## DATA PROVIDED:
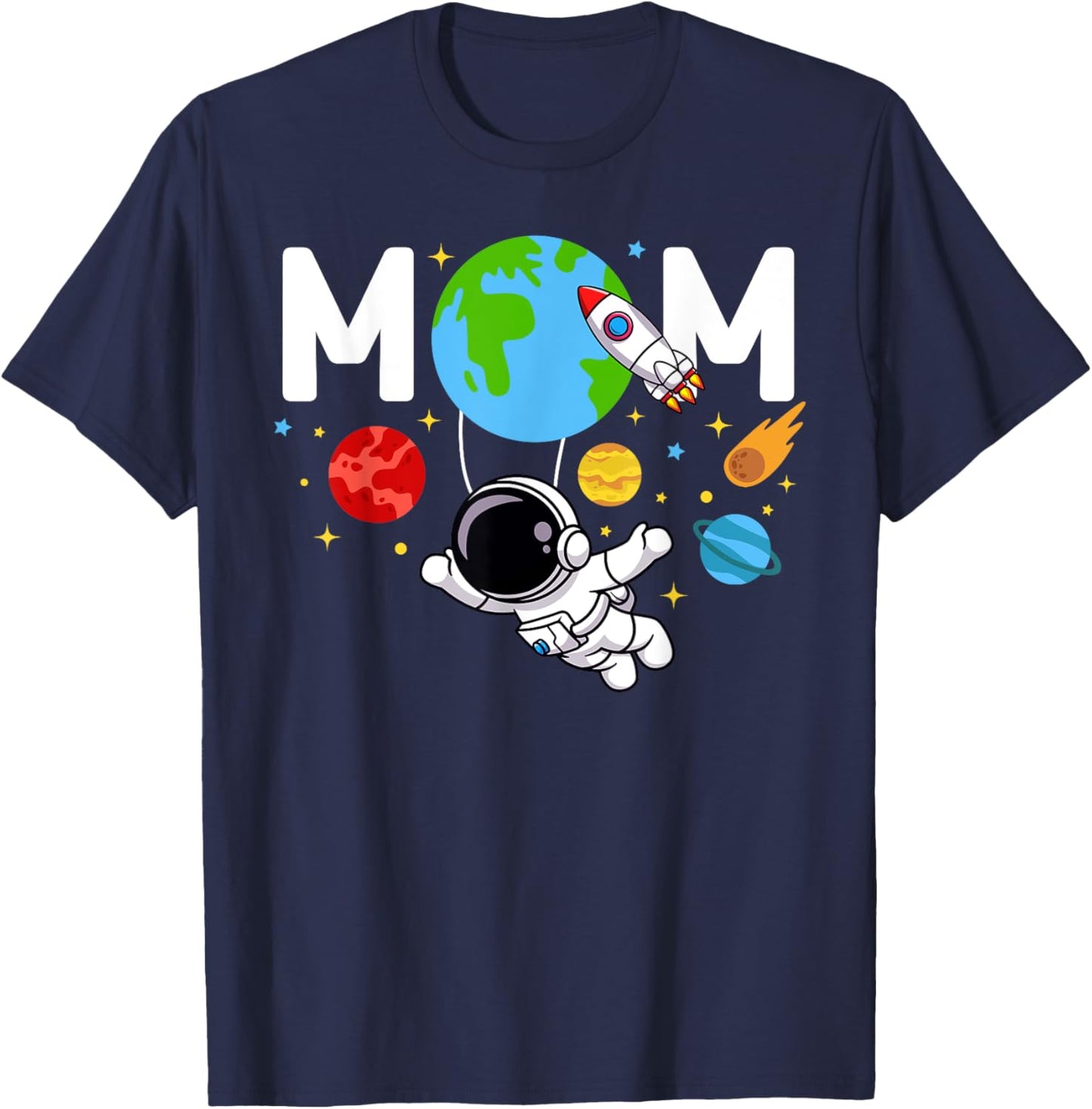 Mom Mommy Mother Space Astronaut Birthday Family Matching T-Shirt - T-Shirt | Navy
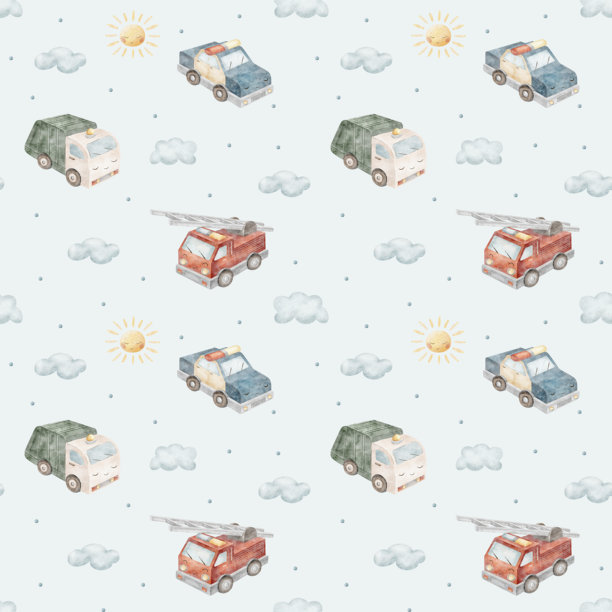 男孩的水彩汽车图案，阳光透过云朵。手绘插图，背景为蓝色粉彩，卡通风格。适用于儿童无缝印花、面料、婴儿服装、纺织品、包装和壁纸。图片下载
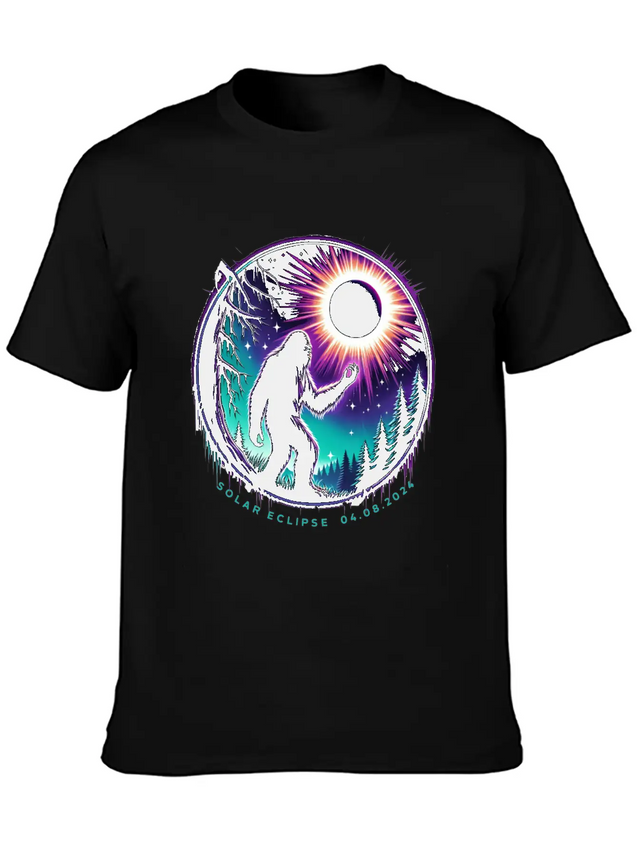 Bigfoot Total Solar Eclipse 2024 Lightweight Cotton T-Shirt – Daily Comfort Graphic Shirt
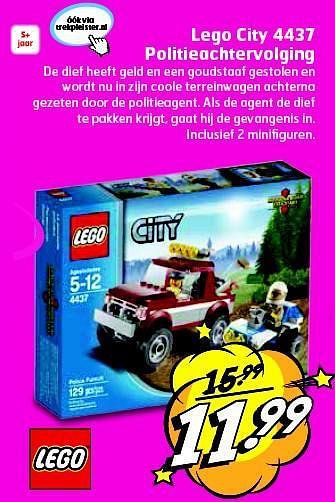 Aanbiedingen Lego city 4437 politieachtervolging - Lego - Geldig van 26/08/2014 tot 31/08/2014 bij Trekpleister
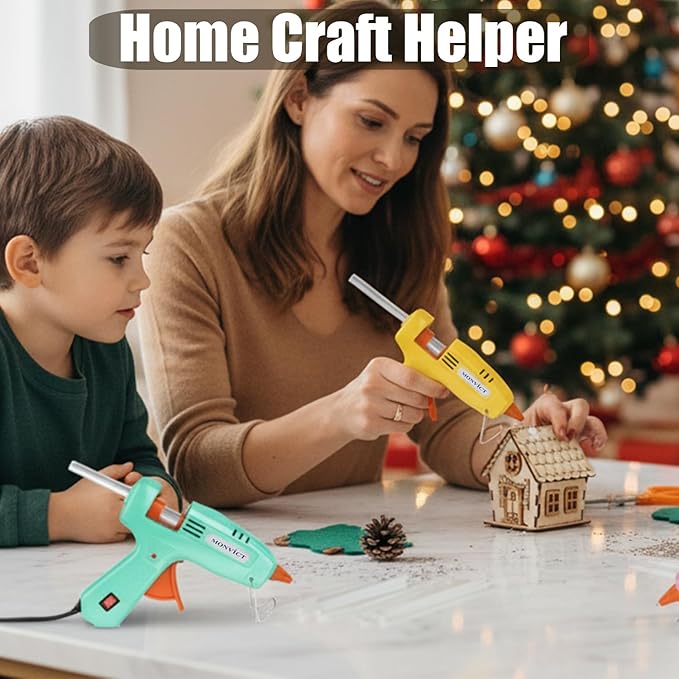 MONVICT 8 Pack 30W Hot Glue Gun Set with 50 Glue Sticks 2 Each of Pink/White/Lake Blue/Yellow - Easy to Use for DIY Crafts, Arts, Class Projects, School, Home Repairs - High Temp Mini Glue Guns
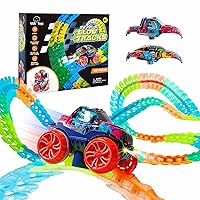 USA Toyz Zero-G Glow Race Track for Kids- 60pcs Glow in The Dark Flexible Race Car Track Set with Suction Cups, Slot Car, 2 Graffiti Toy Cars Shells, STEM Toy LED Car Tracks for Boys and Girls Age 3+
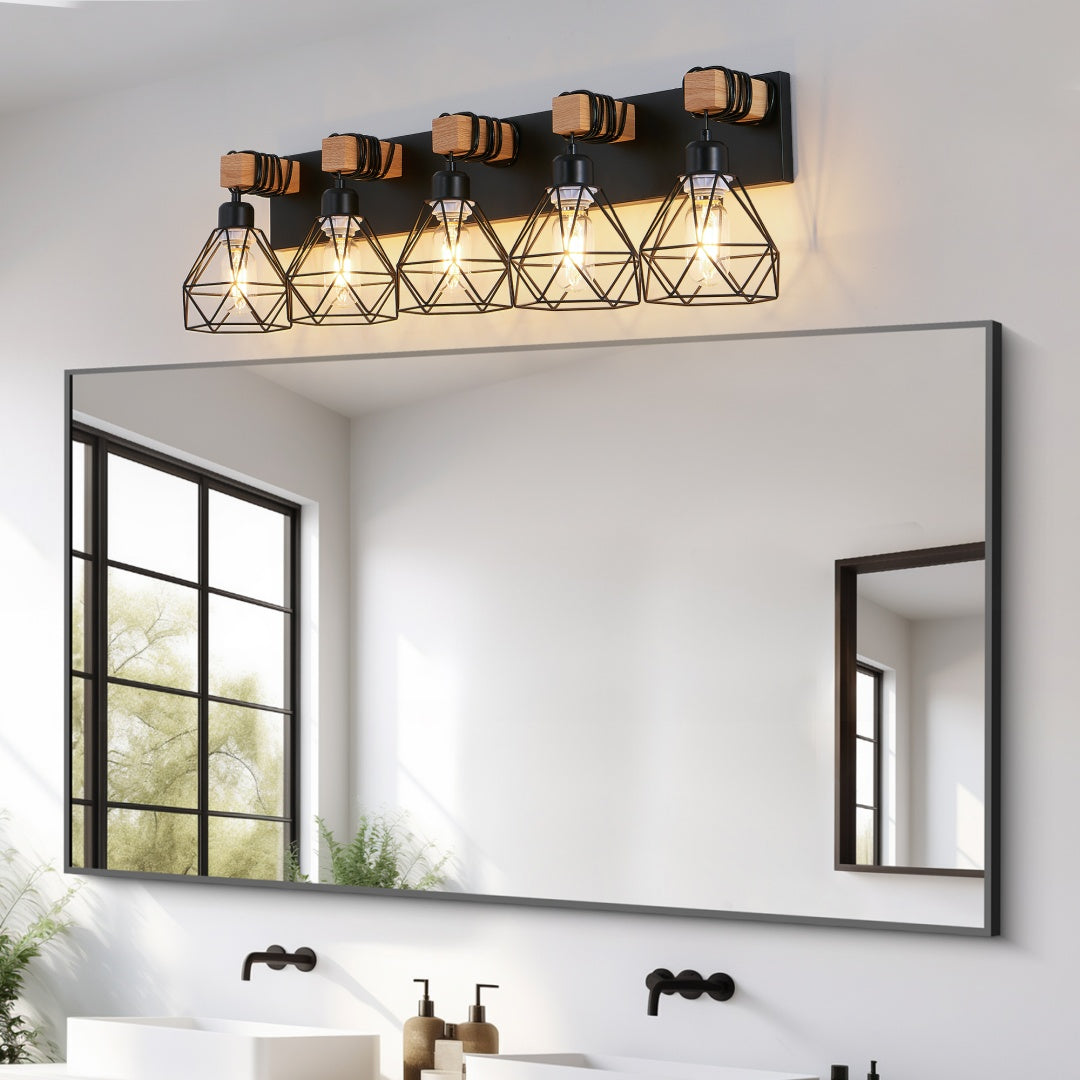 Modern Geometric 5-Light Vanity Light Fixture - Black Metal & Wood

## PROBLEM TO WORK ON:
Every line above should be printed again word for word, without its pictures.

## ANSWER BELOW:
 Mom Mommy Mother Space Astronaut Birthday Family Matching T-Shirt - T-Shirt | Navy
 男孩的水彩汽车图案，阳光透过云朵。手绘插图，背景为蓝色粉彩，卡通风格。适用于儿童无缝印花、面料、婴儿服装、纺织品、包装和壁纸。图片下载
 Bigfoot Total Solar Eclipse 2024 Lightweight Cotton T-Shirt – Daily Comfort Graphic Shirt
 Aanbiedingen Lego city 4437 politieachtervolging - Lego - Geldig van 26/08/2014 tot 31/08/2014 bij Trekpleister
 MONVICT 8 Pack 30W Hot Glue Gun Set with 50 Glue Sticks 2 Each of Pink/White/Lake Blue/Yellow - Easy to Use for DIY Crafts, Arts, Class Projects, School, Home Repairs - High Temp Mini Glue Guns
 USA Toyz Zero-G Glow Race Track for Kids- 60pcs Glow in The Dark Flexible Race Car Track Set with Suction Cups, Slot Car, 2 Graffiti Toy Cars Shells, STEM Toy LED Car Tracks for Boys and Girls Age 3+
 Modern Geometric 5-Light Vanity Light Fixture - Black Metal & Wood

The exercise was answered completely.